With a newly awarded $3 million Department of Energy research grant, University of Wisconsin-Madison Distinguished Professor of Engineering Physics and Wisconsin Energy Institute Director Michael Corradini will lead a collaborative effort to improve real-time testing and instrumentation for transient nuclear reactor experiments.
With improved testing and data, we can improve safety.
Mike Corradini
The research group combines the nuclear engineering and experimental expertise of four universities, a leading national laboratory and an international partner. Dr. George Imel, Idaho State University, Dr. Phil Ugorowski, Kansas State University, Dr. Tom Blue, Ohio State University, Dr. Joy Rempe, Idaho National Laboratory and Dr. Jean-Francois Villard, CEA-Cadarache, join the UW-Madison led effort.
Transient testing, or short-interval testing, of nuclear fuel involves placing the fuel rod material into the central region of a test reactor core. These reactors are capable of simulating a wide range of transient behavior that simulate accident conditions requiring the reactor to produce short bursts of intense, high-power neutron flux and gamma radiation. Such experiments provide researchers with useful data about fuel behavior under conditions that nuclear facilities must be built to tolerate. These experimentation facilities allow new fuel designs or new materials to be tested under prototypic conditions that help ensure acceptable performance and safety. Researchers are able to learn how the materials will respond to accident conditions in highly controlled, short-interval tests.

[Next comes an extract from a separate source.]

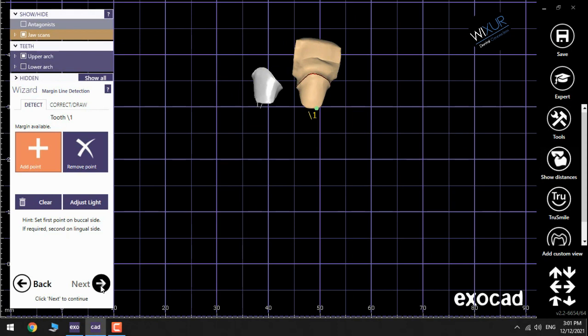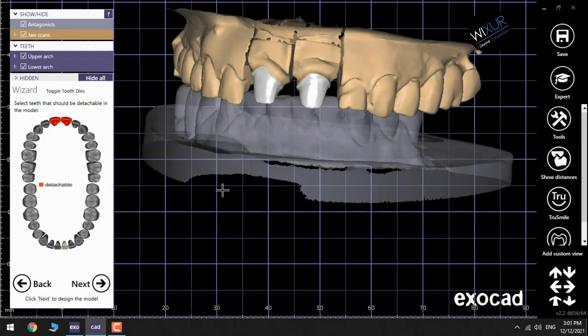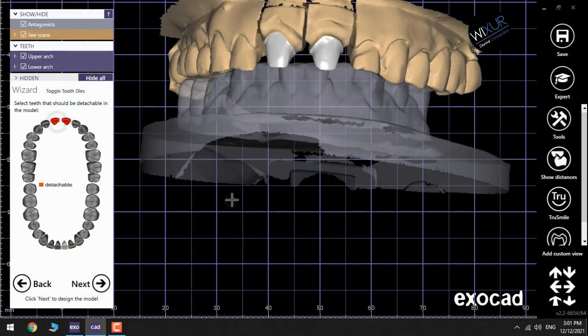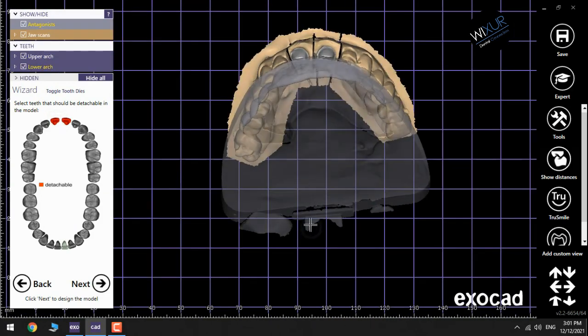Now the software wants a confirmation of what tools should be selected. That is correctly done. Click Next.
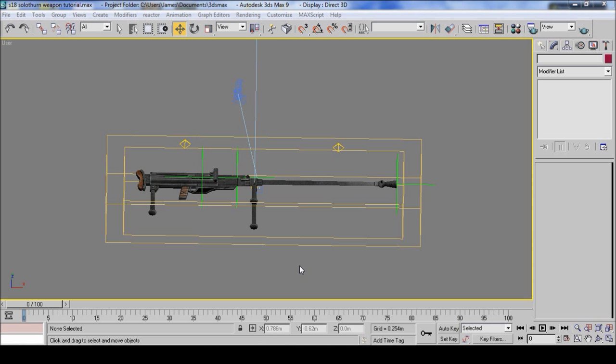This is part 5 of the weapon export tutorials, exporting and files.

With improved instrumentation and real-time data collection, the research team will help maximize the value of such transient testing. Their work will help improve the accuracy and resolution of the data collected during experiments to give researchers a better understanding of fuel behavior and material response during transients or brief changes in reactor conditions.
This work:
- Provides experimentation validation for research that increasingly relies on modeling and simulation
- Aids in the development of new fuels that can be used in existing and future nuclear reactor designs
- Develops and tests the safety of new materials under simulated accident conditions for improved performance and safety
"With this grant award our team will be able to develop new instruments that can make more precise measurements in space and time of key fuel material properties like thermal conductivity, key parameters like temperature as well as the local reactor power under transient conditions,” said Professor Corradini. “And with improved testing and data, we can improve safety.”